┌──

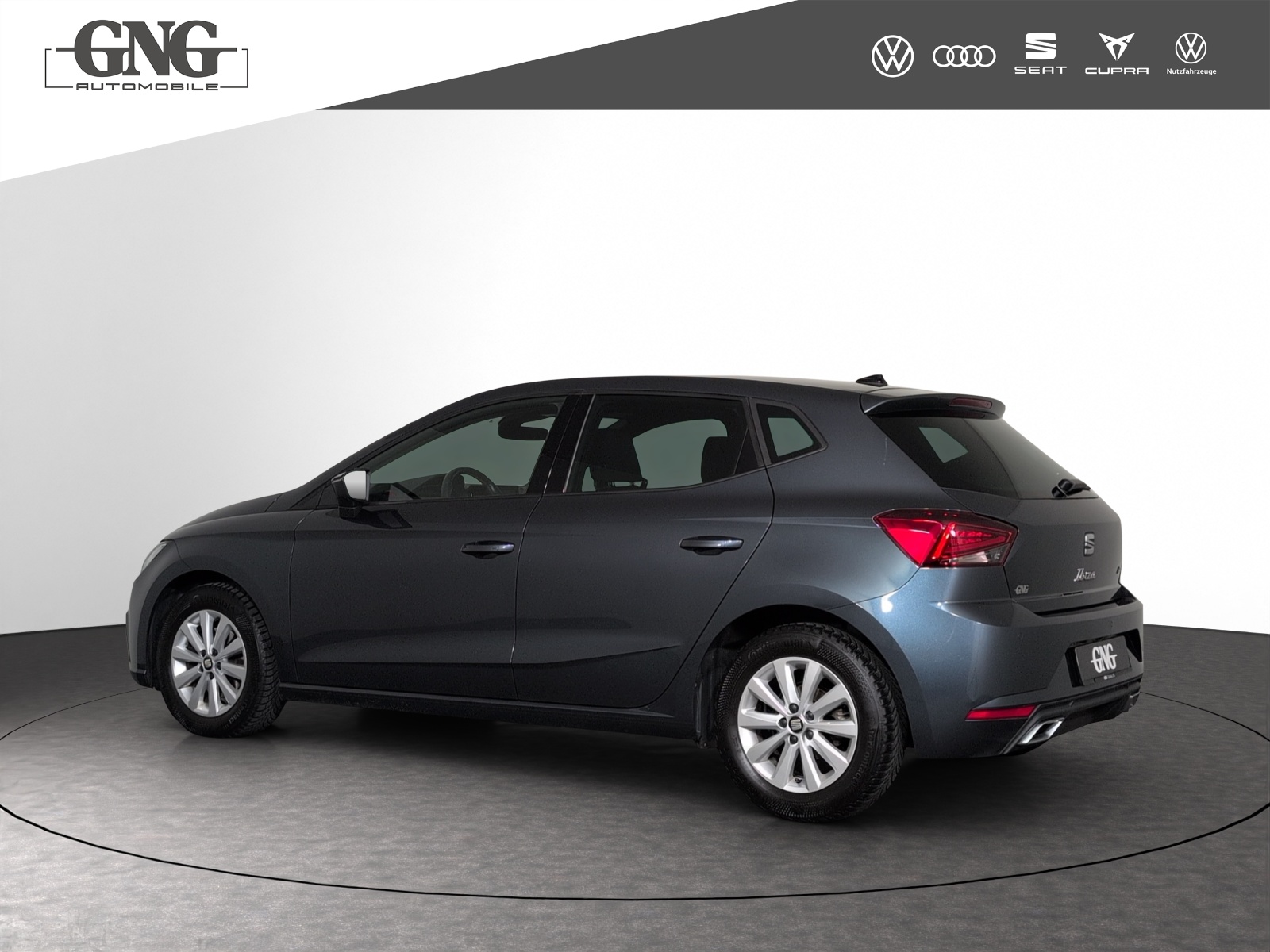 SEAT Ibiza 1.0 EcoTSI Hola FR DSG-image-1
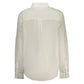 White Cotton Dress Shirt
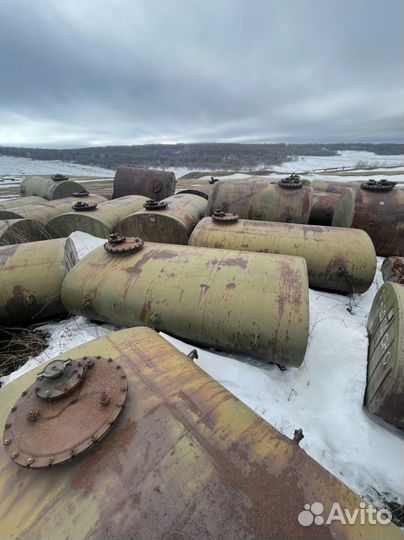 Продам емкости 8м3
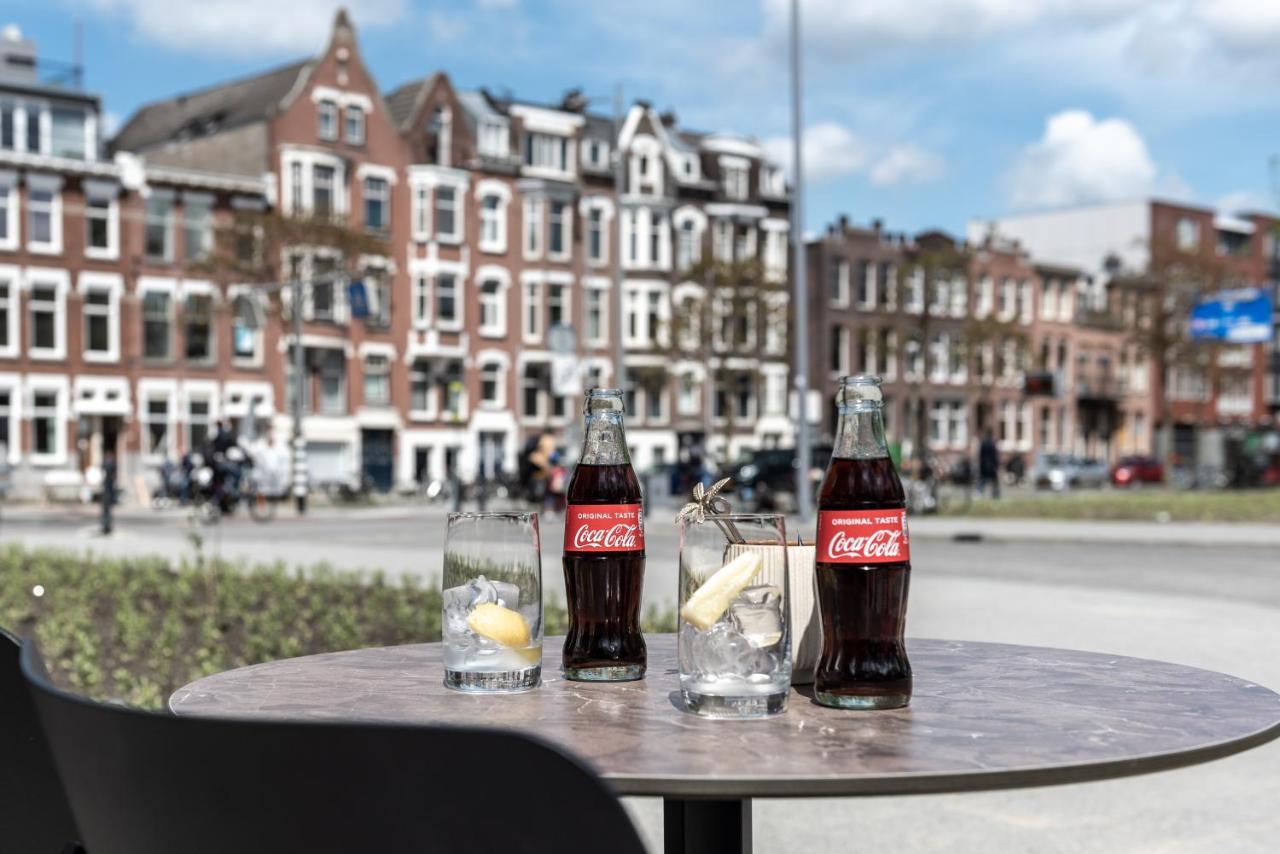 Le Marin Hotel Rotterdam City - Handwritten Collection Luaran gambar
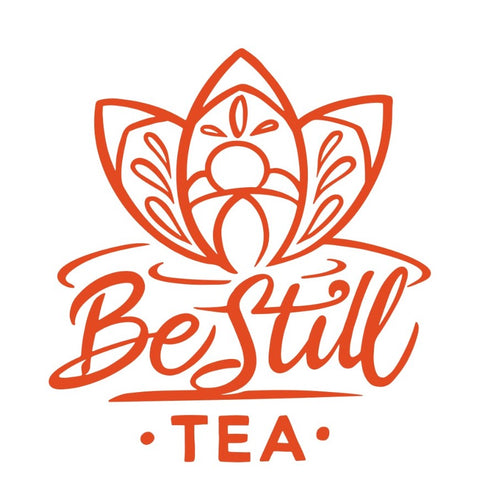 Be Still Tea logo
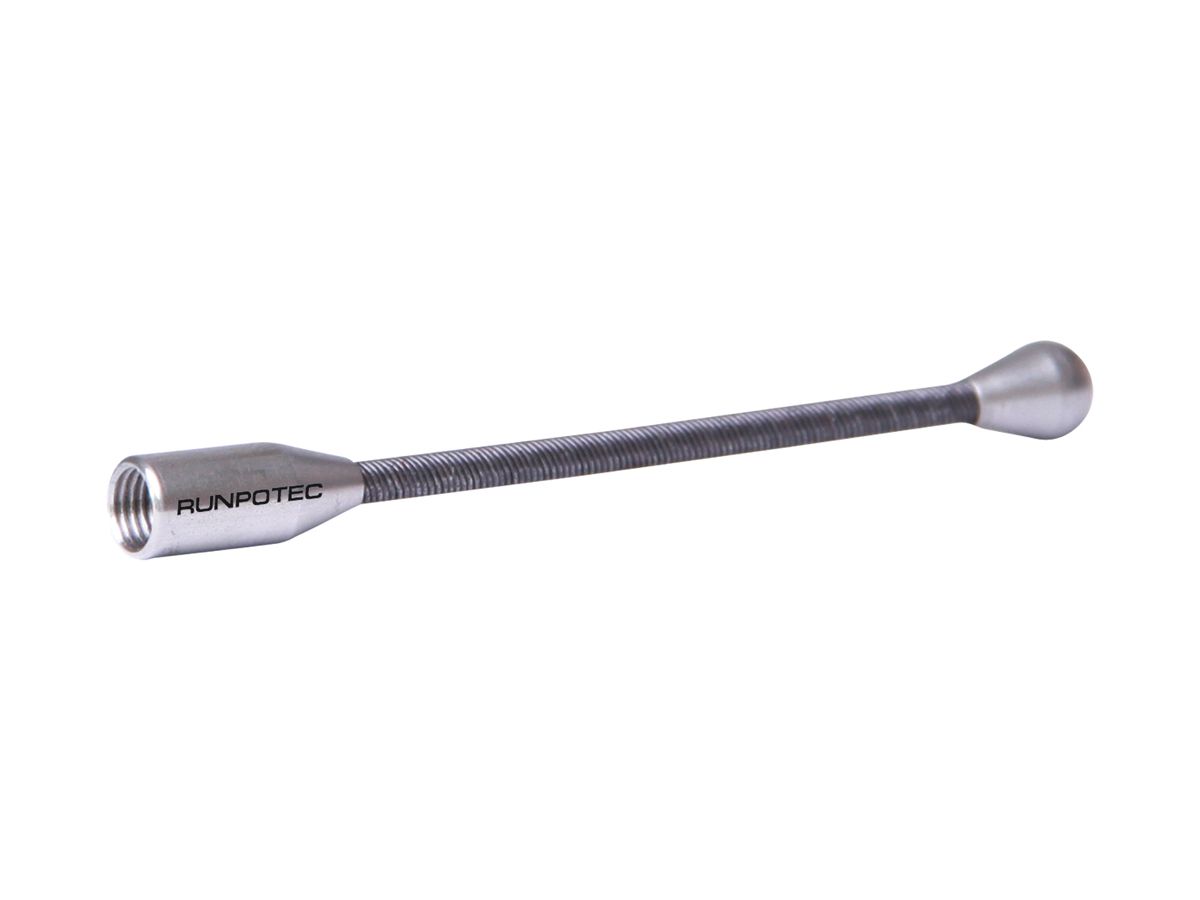 Sucher mit Birne Runpotec, Ø7mm Gewinde RTG6mm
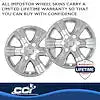 COAST2COAST IWCIMP439X WS 19-23 RANGER CHRM 17' 6 SPK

└──

## WORK REQUEST
Every line from the one containing "Sucher mit Birne" through the last line of the listing must be written out again exactly, and no other line. Leave the pictures aside.

## EXPECTED ANSWER
 Sucher mit Birne Runpotec, Ø7mm Gewinde RTG6mm
 COAST2COAST IWCIMP439X WS 19-23 RANGER CHRM 17' 6 SPK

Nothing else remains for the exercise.